Que faire? Quoi dire à tous ces gamins venus nous accueillir? Comment? Nous sommes venus faire du judo? Quelle foutaise? Pourquoi? Y’a vraiment rien d’autre à faire que de se tirer sur un pyjama? Eh bien non, voici que soudain la magie opéra. 300 gamins de tous les âges réunis devant un petit assemblage de containers, se mirent soudain à chanter dès notre arrivée. Je ne réalisais pas tout de suite ce qui se déroulait sous mes yeux. D’une seule voix, la chorale improvisée entonna un « Que Dieux est Grand », « Allahu Akbar ». Je souris. J’eu même envie de rigoler. Mais je me ravisai car pour ces enfants, au-delà de la signification religieuse, c’était un grand jour de nous voir débarquer d’une autre planète. Je n’aurais pas la prétention de comparer notre venue à un quelconque miracle et encore moins de revendiquer le moindre lien avec une action divine, mais il faut bien l’avouer, dans le quotidien monotone et clôturé de ces enfants, c’était quelque chose de voir notre petit cortège s’arrêter et prendre le temps de la rencontre. Le temps pouvait reprendre sa course, les aiguilles des montres se remettre à tourner ne serait-ce que pendant les quelques heures que nous avons passées sur place.

Cela faisait longtemps que je n’avais pas vu des regards s’illuminer à ce point, juste parce qu’ils en croisaient d’autres qui n’étaient pas chargés de voyeurisme malsain mais au contraire qui étaient là pour partager, juste partager, créer des liens et des ponts entre les peuples.
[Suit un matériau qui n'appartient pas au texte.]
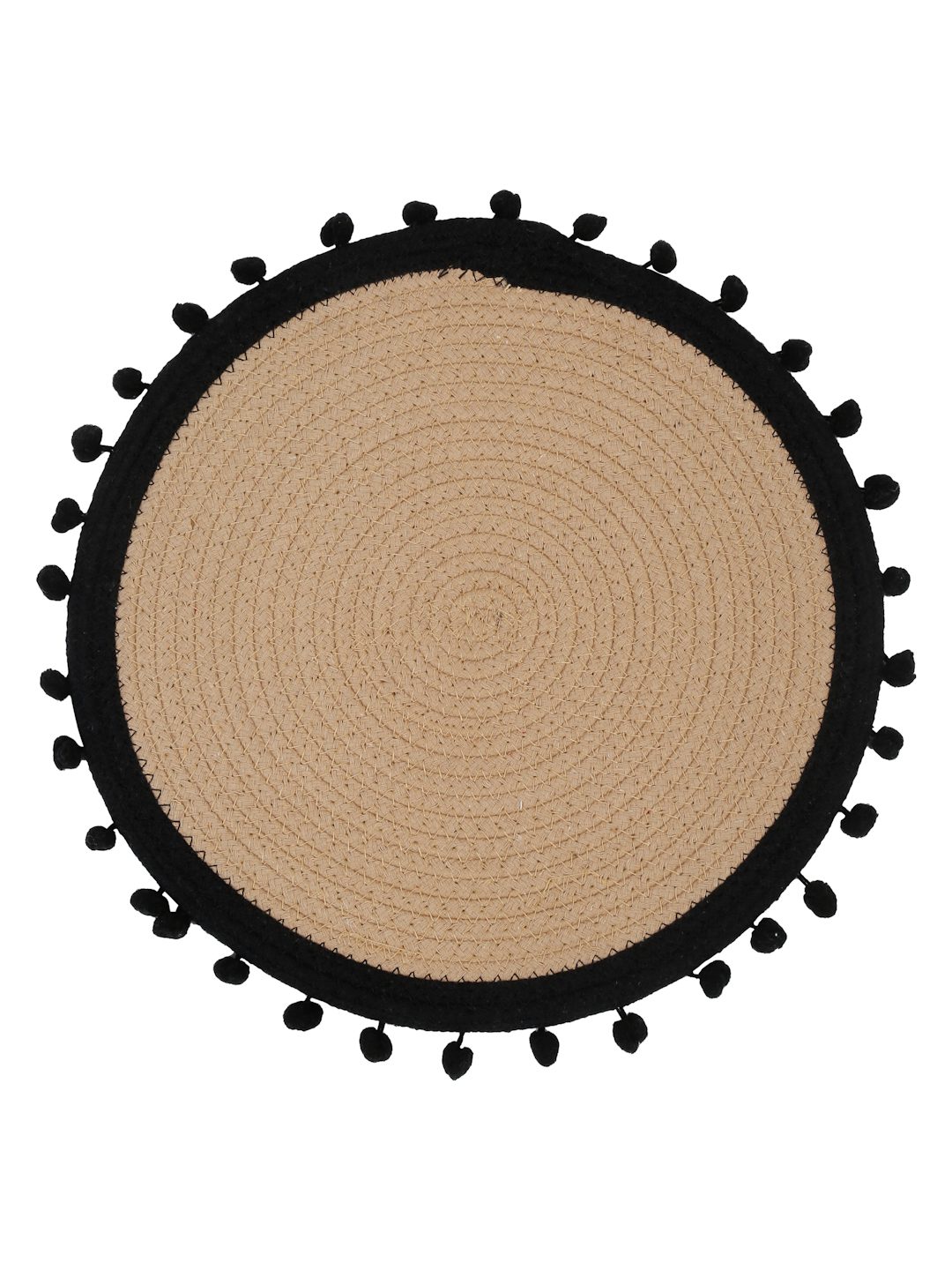 Beige & Black Self Design Pure Cotton Table Placemats image 1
Pendant plus d’une heure je baignais dans le bonheur de transmettre une passion, une envie de grandir, un besoin de liberté. Je faisais le plein de visages ensoleillés pour qui les judogi offert par la Fédération Internationale de Judo étaient le plus beau des cadeaux. Un immense éclat de rire soudain recouvrit Container City. Ca rigolait, ça piaillait, ça s’esclaffait et dans le même temps, ça écoutait, ça respectait, ça suivait les consignes. Jamais je ne pourrais me blaser de cette magie. Alors oui, c’est peut-être un peu dérisoire. Après notre départ, qu’en sera-t-il de toute cette bonne humeur. Je ne peux croire qu’elle s’effacera totalement. Il va falloir travailler, travailler encore pour redonner l’espoir à des générations sacrifiées afin de leur permettre de reprendre la maîtrise du temps.

Aujourd’hui, je ne laisse rien paraître, mais je sors bouleversé de ce séjour. L’accueil qui m’a été réservé était tout simplement hors normes. J’aurais tant à dire encore à ce sujet. Je n’ai pas vue la guerre, mais je l’ai sentie. Son odeur nauséabonde m’a donné la nausée. Son goût de merde est à gerber. Comment peut-on en arriver là ? Comment peut-on avoir aussi peu de considération pour la nature humaine ? Comment peut-on sacrifier notre jeunesse. Si je suis parti et revenu, c’est aussi pour témoigner. J’ai cette chance de pouvoir le faire, sans prétention, mais si j’ai pu transmettre quelques chose à tous ces enfants de Container City pendant quelques minutes, j’espère aussi pouvoir transmettre autre chose à mes enfants, à vos enfants, à nos enfants à toutes et à tous: au-delà des différences, prenez conscience que tout est possible, le pire comme le meilleur. Le temps d’une journée d’avril, nous avons offert et reçu le meilleur. Mais l’année compte 365 jours et il nous appartient de faire tout ce qui est en notre pouvoir afin d’offrir d’autres lendemains rieurs à toutes ces générations qui feront notre monde de demain.